2022/04/14

Insider trading and the unlevel market

 Reading through Is the Stock Market Rigged? I get to the part about Mississippi College School of Law professor John Anderson. His opinions smack of an academic who has been immersed in their field a little too long.

Of course, his opinions may be more nuanced than the article suggests. According to te article's author, Liam Vaughn, Prof. Anderson believes insider trading should largely be legal, because they are making the markets function better. Better for whom? Would they still have to disclose their trades? Where would we draw a distinction between "legal" insider trading and price manipulation? Given the wealth and the quantity of stock controlled by executives, price manipulation would be easy to implement. Or should that be legal as well, to release government from the burden of regulating it?
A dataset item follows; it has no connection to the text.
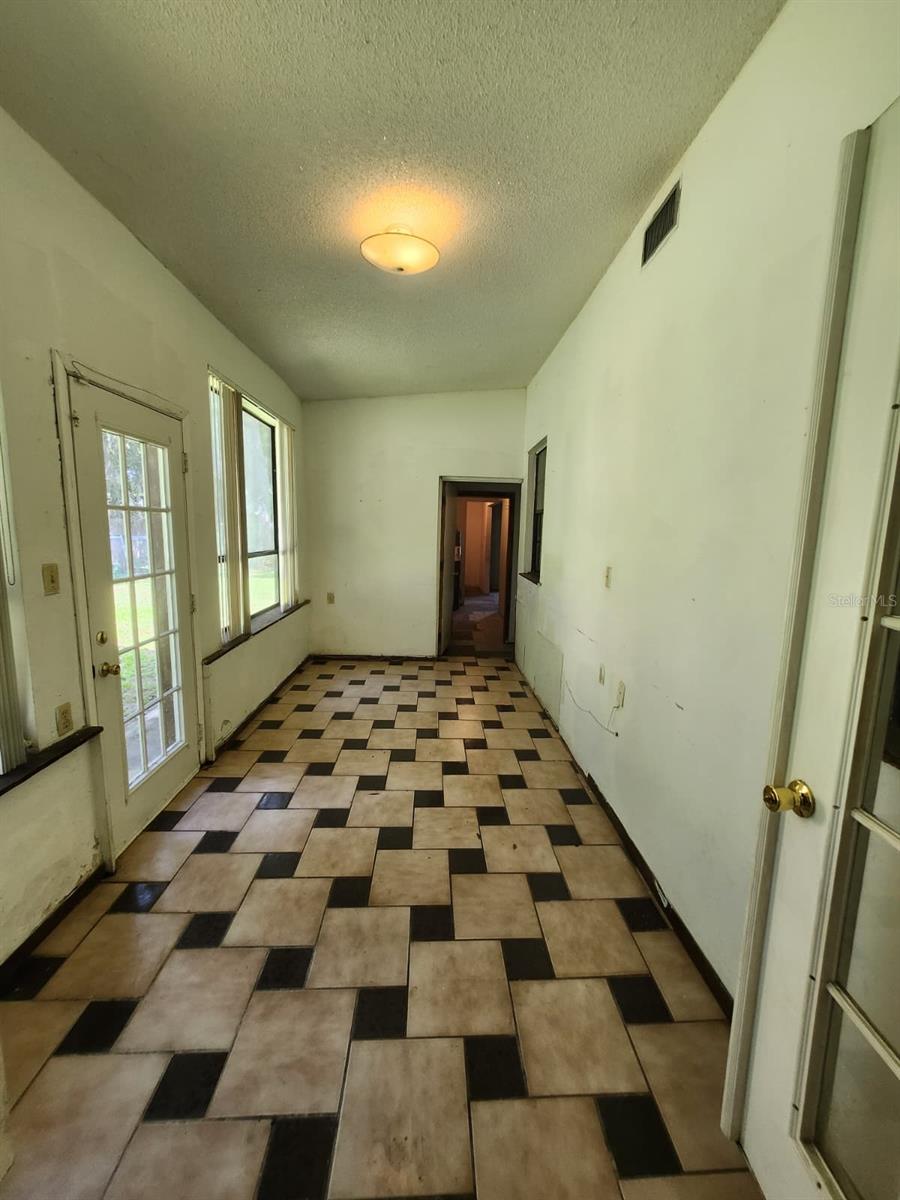 LOCKHARTS SUB - Residential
I could see this becoming quite the side hustle for a lot of executives, colluding together to shove prices around, get another 20-30% annual return on their income, and improve "market efficiency".
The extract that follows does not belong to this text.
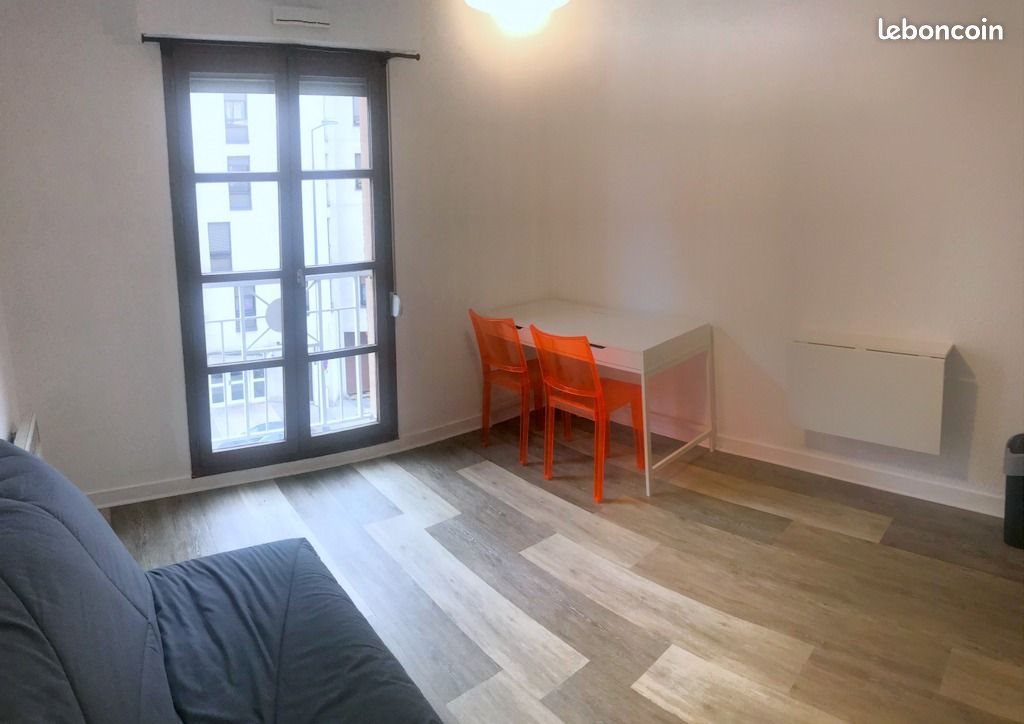 Appartement à louer, 18m², Saint-Etienne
Within the scope of the article, insider trading sounds like a near-victimless crime, with the person taking the other side of the trade out a few dollars per share, at most. But that's a very narrow focus. The perception that executives willfully take advantage of inside knowledge undermines confidence in the American market as a whole. This undermining could, as article does point out, be driving interest in cryptocurrency, and is definitely a driver in the meme stock trend.

Anderson is also quoted as saying “The whole reason people come to the market is because they think they have better information, better understanding than their counterparties.” Which seems like a phenomenally shallow view of the average retail investor, who may be buying stocks on impulse, through a mutual fund in their IRA, a "hot tip" on Reddit, or by scouring a website like Morningstar, but who is definitely not going to the market thinking they have better information than everyone they're trading against. 
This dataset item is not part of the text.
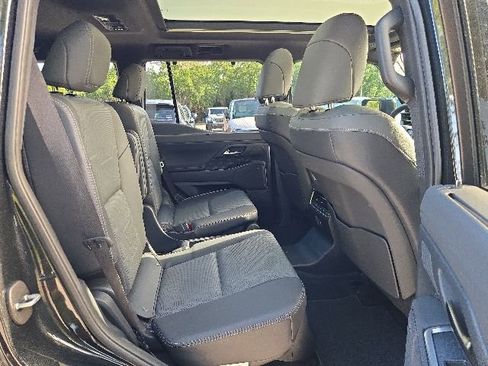 Used 2025 Lexus GX 550 w/ Accessory Package (Z1) AWD/4WD image 11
Personally I think the practice of paying executives in stock grants and options has a corrupting influence, and is detrimental to the long-term health of both the companies and the country. This focuses execs on increasing shareholder return at any cost. If we want executives to have skin in the game, let them get it like the majority of their employees -- have the stock go into a retirement fund and they can't draw on it without paying huge penalties prior to actual retirement. And in the meantime, they can earn a modest salary (at least modest by today's standards).